Tips When Organizing Your Ruby Code
Ruby is an object-oriented programming (OOP) language. Everything in Ruby is an object that contains some data and some code that gives the object behavior. You can think of objects as the nouns of a sentence; think of the behavior, called methods, as the object’s verbs. When creating your own objects, there are some good general practices to keep in mind.
Do one thing well
When you’re planning your program, think about all the objects that are needed and how they might interact. For instance, if you’re making a card game, you might have individual playing cards, a deck that holds cards, a game itself that knows the rules of the game, and players who play the game.
It’s tempting to roll all your code into a single, large piece of code, but when you get to a certain size, that approach is really hard to change, fix, or reuse in other projects.
Instead, keep your objects focused on doing one job.
Keep it simple
In Ruby, you define the data and behavior of your objects in a class. A class is kind of like a template from which you can make one or more objects. The class contains the code that created behaviors, called methods. The class also may contain the data that is needed for the object to operate, such as the face value of a playing card.
When you write your code for a class, it’s far better to write small methods than larger ones. Each small method can be used in combination with others to create more complicated behavior.
By keeping the methods smaller, it’s easier to test each method in isolation. When tracking down bugs, it’s often easier to sort through fewer lines of code.
Another way to keep your code simple is to make good use of built-in Ruby objects and their methods.
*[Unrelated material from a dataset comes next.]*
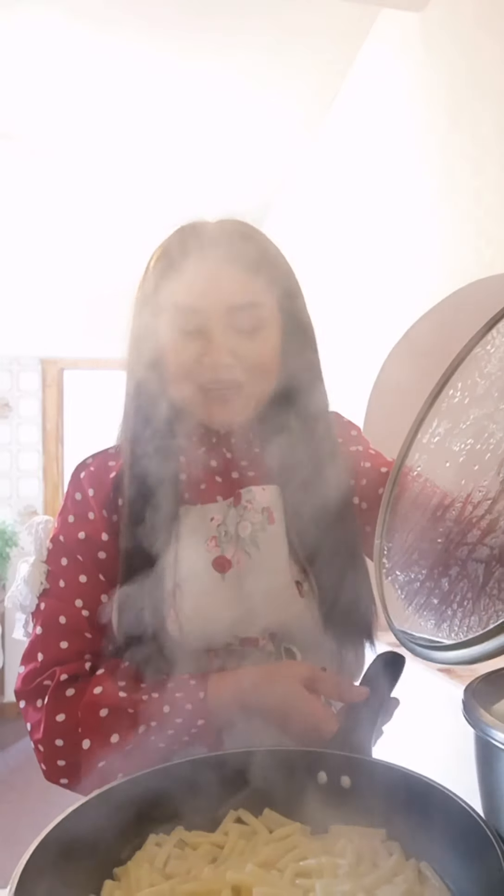Our pasta is ready and cooked, so I will pour it out from the water. The vegetables — carrot, potato, and onion — are tender now. I'll add some tomato chopped into small pieces and the head of the spring onion, then add our pasta into our soup.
Ruby has a very rich set of built-in capabilities. You’ll save time using these methods.
Hide your data
One way that objects start to become difficult to reuse or debug is when the objects “share too much information.” If your object has a lot of data, but it’s all exposed to the outside, it’s hard to change the way you work with that data without breaking other objects that are dependent on it.
Ruby provides a number of ways to hide your object’s data. You can write your own methods that provide “getters” and “settings” to manipulate the data. You can also use Ruby’s attr_accessor methods, which create getter and setter code for you.
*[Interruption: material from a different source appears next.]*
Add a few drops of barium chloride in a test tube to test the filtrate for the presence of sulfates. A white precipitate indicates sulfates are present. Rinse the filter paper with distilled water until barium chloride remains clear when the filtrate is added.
Both techniques give you a layer between the outside world and your object’s code and data. If you then need to make a change, you can alter your objects’ implementations while maintaining their interfaces so other programmers who use your code don’t have to change their own.
Follow Ruby conventions
Ruby has a number of naming conventions that are expected when writing Ruby code. If you follow these standard techniques, you make your code much easier to understand by other programmers.
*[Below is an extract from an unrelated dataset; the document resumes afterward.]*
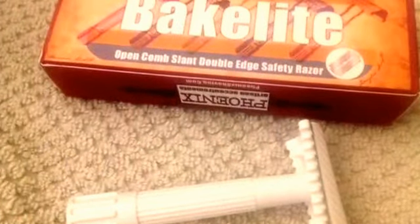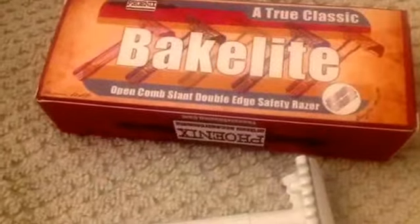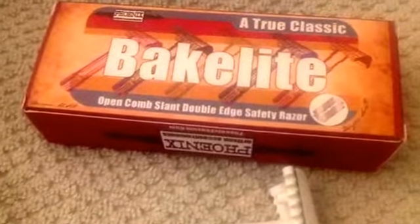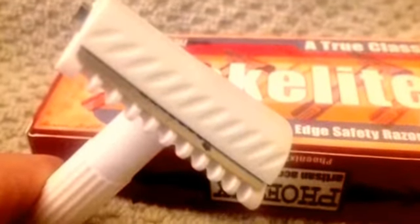The Phoenix Artist Accoutrements Bakelite Open Comb Slant Razor is very inexpensive. You have to handle it well — no pressure — but it gives you all the advantages of both an open comb and, more importantly, a slant razor. It has become one of my favorites.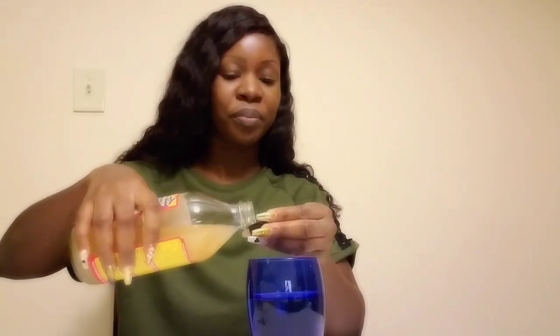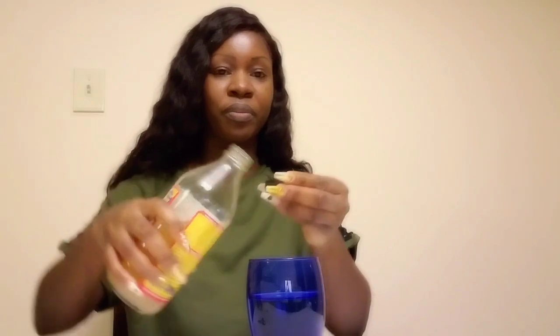I have my warm water here. What you're going to do is take about two drops of apple cider vinegar and pour it into the warm water. After pouring the apple cider vinegar into the warm water, the trick to this is you're going to need some turmeric. This is like magic.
You should always try to put just one class in a file, name a class starting with a capital letter, and use capital letters between multiple work names (CardGame). Files that hold your class are named in all lowercase using “snake case” (card_game.rb). Ruby itself expects this.
Constants are usually all UPPER_SNAKE_CASE, and local and instance variables, as well as method names are all @lower_snake_case (without the @ for local variables and method names).
Ruby doesn’t require all the extra symbols that some other languages do, so you’ll notice a lack of different kinds of parentheses, semicolons, and other unnecessary punctuation. Although you can use them if you want, don’t use them if they don’t add to the understandability of your code.
However, and this is a big one, if you end up working in someone else’s code, follow her conventions first and foremost.
Ruby’s approach is a recommendation, not always a requirement. Do what you’re comfortable with, and enjoy writing your code!